**Required work**
Once the line containing "如何判定膜結(jié)構(gòu)車棚的安全性能？" is found in the entries below, restate it and each following line word for word, stopping after the line containing "Mercedes-Benz AXOR 4x2".

**Stored data**
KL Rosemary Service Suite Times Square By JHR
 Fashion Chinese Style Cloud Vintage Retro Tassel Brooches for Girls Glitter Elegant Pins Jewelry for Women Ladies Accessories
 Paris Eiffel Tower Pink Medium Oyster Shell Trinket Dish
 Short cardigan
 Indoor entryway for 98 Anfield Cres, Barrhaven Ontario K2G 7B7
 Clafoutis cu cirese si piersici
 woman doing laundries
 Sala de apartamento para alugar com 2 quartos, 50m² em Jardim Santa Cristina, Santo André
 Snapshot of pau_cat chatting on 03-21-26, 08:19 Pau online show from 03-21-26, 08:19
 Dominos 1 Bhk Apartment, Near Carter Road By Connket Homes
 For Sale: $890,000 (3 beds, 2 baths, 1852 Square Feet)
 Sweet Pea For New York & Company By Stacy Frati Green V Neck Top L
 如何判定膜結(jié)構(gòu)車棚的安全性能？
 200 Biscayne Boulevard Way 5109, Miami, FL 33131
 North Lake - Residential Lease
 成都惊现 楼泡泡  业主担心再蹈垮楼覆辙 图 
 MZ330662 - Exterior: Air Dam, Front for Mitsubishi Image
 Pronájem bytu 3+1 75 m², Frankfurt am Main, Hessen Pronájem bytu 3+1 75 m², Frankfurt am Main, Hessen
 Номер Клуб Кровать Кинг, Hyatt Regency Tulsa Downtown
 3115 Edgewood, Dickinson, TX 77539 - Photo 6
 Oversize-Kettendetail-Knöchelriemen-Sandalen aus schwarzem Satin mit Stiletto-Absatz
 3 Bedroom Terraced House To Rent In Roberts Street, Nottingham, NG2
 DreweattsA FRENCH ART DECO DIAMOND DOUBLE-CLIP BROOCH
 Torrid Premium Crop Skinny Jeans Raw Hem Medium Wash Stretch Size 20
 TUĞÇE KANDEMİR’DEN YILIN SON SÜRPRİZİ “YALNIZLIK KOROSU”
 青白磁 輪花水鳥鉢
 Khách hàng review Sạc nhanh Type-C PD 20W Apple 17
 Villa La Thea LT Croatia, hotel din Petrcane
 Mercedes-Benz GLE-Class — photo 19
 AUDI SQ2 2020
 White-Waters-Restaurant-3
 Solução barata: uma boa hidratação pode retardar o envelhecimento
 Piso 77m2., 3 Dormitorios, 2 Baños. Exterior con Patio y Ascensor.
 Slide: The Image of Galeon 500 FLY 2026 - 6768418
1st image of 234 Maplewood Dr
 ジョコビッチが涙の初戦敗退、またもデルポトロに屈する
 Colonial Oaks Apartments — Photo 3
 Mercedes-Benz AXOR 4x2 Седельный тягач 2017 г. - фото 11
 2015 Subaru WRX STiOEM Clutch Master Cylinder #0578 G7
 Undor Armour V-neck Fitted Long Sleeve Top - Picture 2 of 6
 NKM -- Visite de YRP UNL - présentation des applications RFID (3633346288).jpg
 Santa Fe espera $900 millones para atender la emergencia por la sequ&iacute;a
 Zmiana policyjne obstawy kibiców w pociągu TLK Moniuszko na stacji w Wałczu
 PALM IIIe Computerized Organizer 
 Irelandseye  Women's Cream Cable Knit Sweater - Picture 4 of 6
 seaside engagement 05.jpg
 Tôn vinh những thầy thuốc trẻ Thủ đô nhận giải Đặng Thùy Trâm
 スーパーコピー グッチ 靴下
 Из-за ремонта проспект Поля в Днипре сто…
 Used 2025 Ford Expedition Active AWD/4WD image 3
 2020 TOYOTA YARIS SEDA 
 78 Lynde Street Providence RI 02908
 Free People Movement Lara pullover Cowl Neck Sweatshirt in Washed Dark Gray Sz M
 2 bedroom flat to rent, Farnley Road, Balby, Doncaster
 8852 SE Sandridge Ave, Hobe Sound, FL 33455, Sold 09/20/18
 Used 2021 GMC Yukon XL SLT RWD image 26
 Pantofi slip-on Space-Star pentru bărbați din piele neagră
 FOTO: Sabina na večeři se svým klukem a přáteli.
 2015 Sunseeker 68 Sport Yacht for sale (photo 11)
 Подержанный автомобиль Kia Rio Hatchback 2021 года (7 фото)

**Result for this exercise**
 如何判定膜結(jié)構(gòu)車棚的安全性能？
 200 Biscayne Boulevard Way 5109, Miami, FL 33131
 North Lake - Residential Lease
 成都惊现 楼泡泡  业主担心再蹈垮楼覆辙 图 
 MZ330662 - Exterior: Air Dam, Front for Mitsubishi Image
 Pronájem bytu 3+1 75 m², Frankfurt am Main, Hessen Pronájem bytu 3+1 75 m², Frankfurt am Main, Hessen
 Номер Клуб Кровать Кинг, Hyatt Regency Tulsa Downtown
 3115 Edgewood, Dickinson, TX 77539 - Photo 6
 Oversize-Kettendetail-Knöchelriemen-Sandalen aus schwarzem Satin mit Stiletto-Absatz
 3 Bedroom Terraced House To Rent In Roberts Street, Nottingham, NG2
 DreweattsA FRENCH ART DECO DIAMOND DOUBLE-CLIP BROOCH
 Torrid Premium Crop Skinny Jeans Raw Hem Medium Wash Stretch Size 20
 TUĞÇE KANDEMİR’DEN YILIN SON SÜRPRİZİ “YALNIZLIK KOROSU”
 青白磁 輪花水鳥鉢
 Khách hàng review Sạc nhanh Type-C PD 20W Apple 17
 Villa La Thea LT Croatia, hotel din Petrcane
 Mercedes-Benz GLE-Class — photo 19
 AUDI SQ2 2020
 White-Waters-Restaurant-3
 Solução barata: uma boa hidratação pode retardar o envelhecimento
 Piso 77m2., 3 Dormitorios, 2 Baños. Exterior con Patio y Ascensor.
 Slide: The Image of Galeon 500 FLY 2026 - 6768418
1st image of 234 Maplewood Dr
 ジョコビッチが涙の初戦敗退、またもデルポトロに屈する
 Colonial Oaks Apartments — Photo 3
 Mercedes-Benz AXOR 4x2 Седельный тягач 2017 г. - фото 11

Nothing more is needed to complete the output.